Die Spiele des Jahrhunderts

Olympia 1972, der Terror und das neue Deutschland

Von Roman Deininger und Uwe Ritzer
dtv-Verlag, 2021
Standort: Erdgeschoss, YBK 7 D

Die Olympischen Spiele in München 1972 sollten ein buntes und friedliches Deutschland zeigen, das in Europa und im Kalten Krieg zwischen West und Ost eine neue Rolle beanspruchte, aber (un)wissentlich nicht die Gefahren des internationalen Terrorismus sehen wollte, von dem es eingeholt wurde.

    

1922

Wunderjahr der Worte

Von Norbert Hummelt
Luchterhand-Verlag, 2022
Standort: Obergeschoss, PGR H

1922 ist ein Jahr von unglaublicher schöpferischer Energie: ein Wunderjahr der modernen Literatur. Eine Fülle literarischer Werke erscheint, die den Gang der Weltliteratur verändern.

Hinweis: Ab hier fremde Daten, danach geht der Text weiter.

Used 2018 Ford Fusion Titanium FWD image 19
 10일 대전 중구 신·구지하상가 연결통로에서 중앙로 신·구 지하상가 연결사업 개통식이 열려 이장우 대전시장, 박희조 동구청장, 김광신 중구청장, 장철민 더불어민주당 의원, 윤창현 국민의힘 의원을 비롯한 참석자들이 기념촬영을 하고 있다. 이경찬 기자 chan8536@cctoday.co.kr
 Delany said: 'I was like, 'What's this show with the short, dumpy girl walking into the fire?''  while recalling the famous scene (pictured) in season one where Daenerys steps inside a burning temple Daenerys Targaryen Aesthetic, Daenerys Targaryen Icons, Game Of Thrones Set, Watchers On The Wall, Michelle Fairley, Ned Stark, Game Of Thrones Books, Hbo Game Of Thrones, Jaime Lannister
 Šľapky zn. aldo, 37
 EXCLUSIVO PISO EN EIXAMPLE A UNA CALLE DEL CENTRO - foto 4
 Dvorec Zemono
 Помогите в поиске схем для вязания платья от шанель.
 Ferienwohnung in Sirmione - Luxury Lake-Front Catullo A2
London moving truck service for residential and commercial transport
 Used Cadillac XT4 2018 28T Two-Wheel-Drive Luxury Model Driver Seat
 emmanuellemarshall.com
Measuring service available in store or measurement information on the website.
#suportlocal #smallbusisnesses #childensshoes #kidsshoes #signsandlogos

In Paris wartet James Joyce voller Ungeduld auf die ersten Exemplare seines »Ulysses«. Virginia Woolf ist in London dabei, sich ihren eigenen Raum zu erschreiben. Rainer Maria Rilke vollendet, was er einst auf Schloss Duino begonnen hat. Katherine Mansfield steckt ihre ganze Kraft in ihre Short Stories. Und im englischen Seebad Margate findet T.S. Eliot radikale Töne für das widersprüchliche Lebensgefühl des noch jungen 20. Jahrhunderts. Quer durch Europa begleitet Norbert Hummelt diese Autoren und Autorinnen durch ein aufregendes Schaffensjahr und fängt dabei die spannungsgeladene politische Stimmung der Zeit ein
 

 

Im Grunde gut

Eine neue Geschichte der Menschheit

Von Rutger Bregman
Rowohlt-Taschenbuch-Verlag, 2022
Standort: Obergeschoss, LCO B

Der Autor vertritt die "radikale Idee", dass der Mensch von seiner Evolution an "im Grunde gut" ist. Gestützt auf zahlreiche Beispiele und akademische Studien postuliert er die Entwicklung eines neuen Menschenbilds. Die Wahrheit sei bis zu den sozialen Medien immer nur verzerrt dargestellt worden.

Wo warst du, Gott?“

Glaube nach Gewalterfahrungen

Von Andreas Stahl
Herder-Verlag, 2022
Standort: Obergeschoss, KEL S

Andreas Stahl, evangelischer Pfarrer und Traumatheologe, analysiert Missbrauch, Gewalt und Traumata innerhalb der Kirchen aus Sicht der Betroffenen und den Umgang damit. Er plädiert für eine traumasensible Theologie und erläutert heilende Wege, aber auch Gefahren, wenn zu schnelle Lösungen gesucht werden.